- _TASK ITEM_: For each record that follows, give it back exactly, with no pictures included.

BEGIN DATA TO EXAMINE

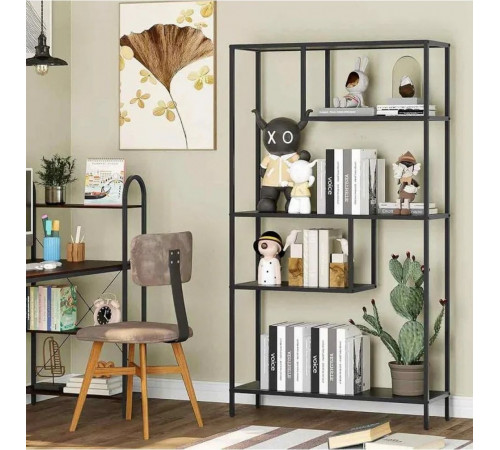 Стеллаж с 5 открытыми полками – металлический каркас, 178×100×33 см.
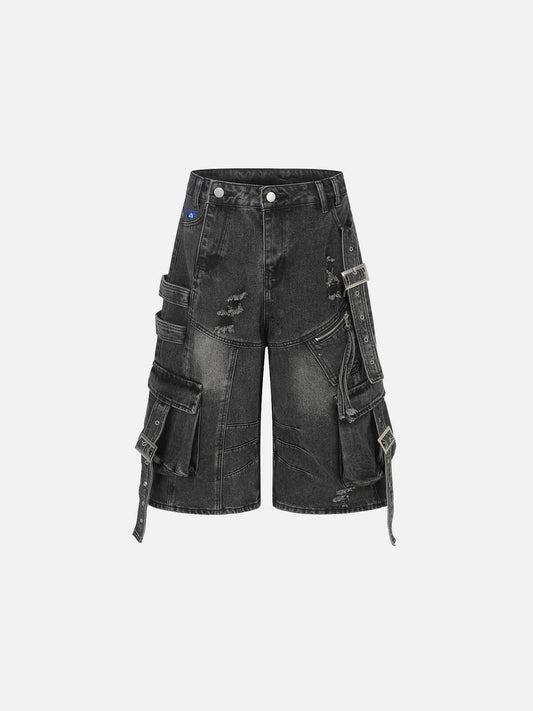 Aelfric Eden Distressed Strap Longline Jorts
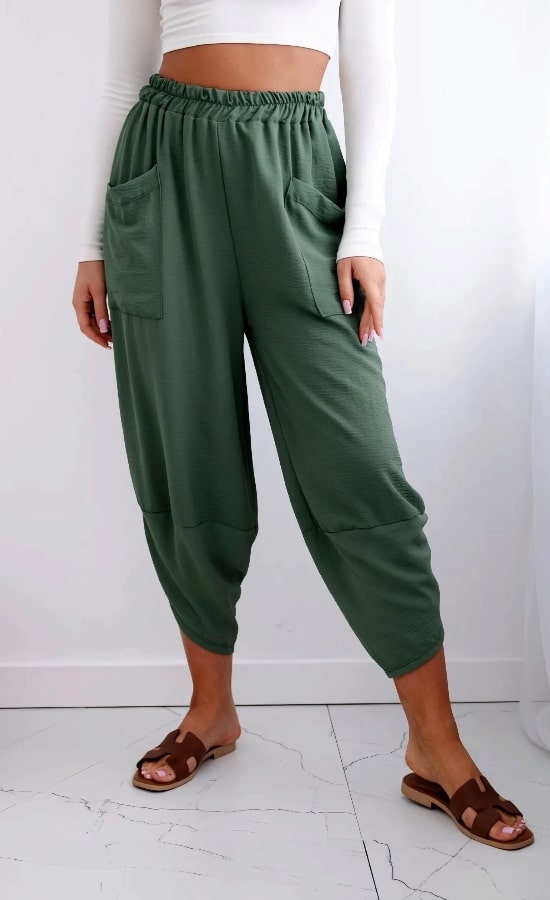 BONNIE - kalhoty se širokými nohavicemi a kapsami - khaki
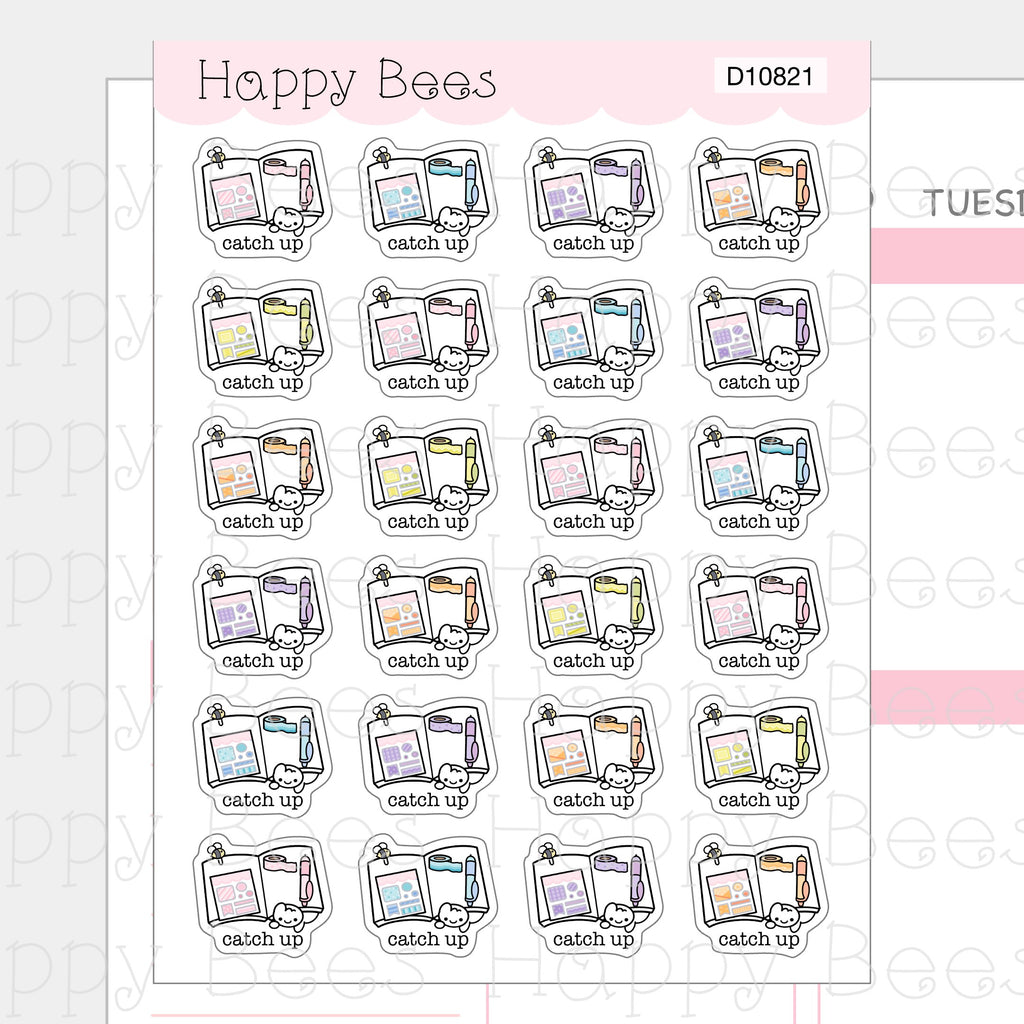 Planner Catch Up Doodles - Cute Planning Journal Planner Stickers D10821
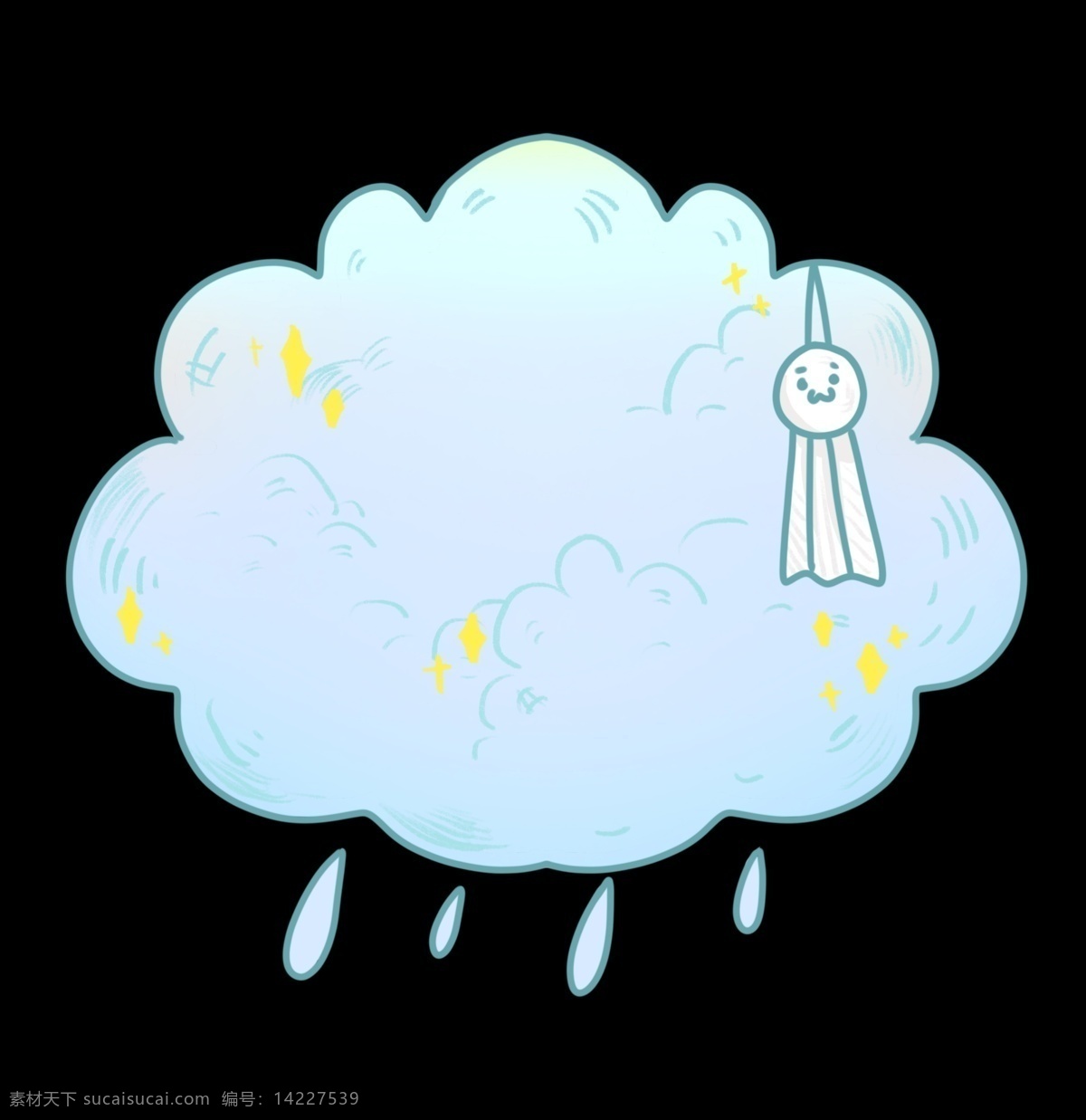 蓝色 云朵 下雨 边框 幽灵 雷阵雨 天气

END DATA TO EXAMINE

- _ANSWER BOX_:
 Стеллаж с 5 открытыми полками – металлический каркас, 178×100×33 см.
 Aelfric Eden Distressed Strap Longline Jorts
 BONNIE - kalhoty se širokými nohavicemi a kapsami - khaki
 Planner Catch Up Doodles - Cute Planning Journal Planner Stickers D10821
 蓝色 云朵 下雨 边框 幽灵 雷阵雨 天气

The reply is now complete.